### Input data
═══

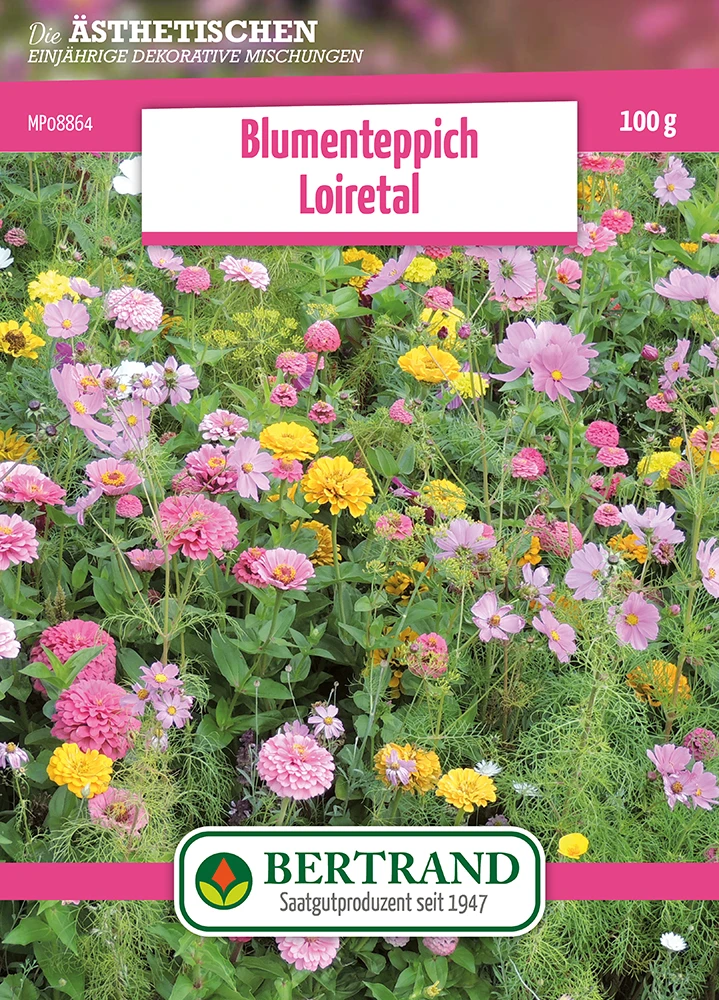 Blumenwiese Blumenteppich Loiretal (100 G) | Blumensamen Von Bertrand 1 Blumenwiese Blumenteppich Loiretal (100 G) | Blumensamen Von Bertrand
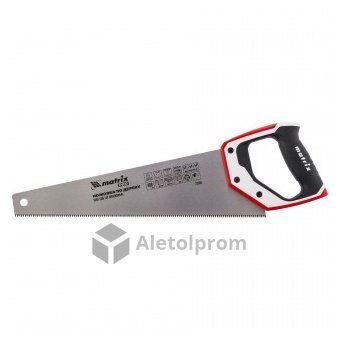 Ножовка по дереву Matrix Pro, 400 мм, каленый зуб 3D, 7-8 TPI, трехкомпонентная рукоятка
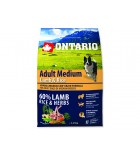 ONTARIO Adult Medium Lamb & Rice - 2.25 kg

═══

Every line from the one with "Ножовка по дереву" through the last line of the listing above must be written out exactly, and no picture may appear.

### Final answer
 Ножовка по дереву Matrix Pro, 400 мм, каленый зуб 3D, 7-8 TPI, трехкомпонентная рукоятка
 ONTARIO Adult Medium Lamb & Rice - 2.25 kg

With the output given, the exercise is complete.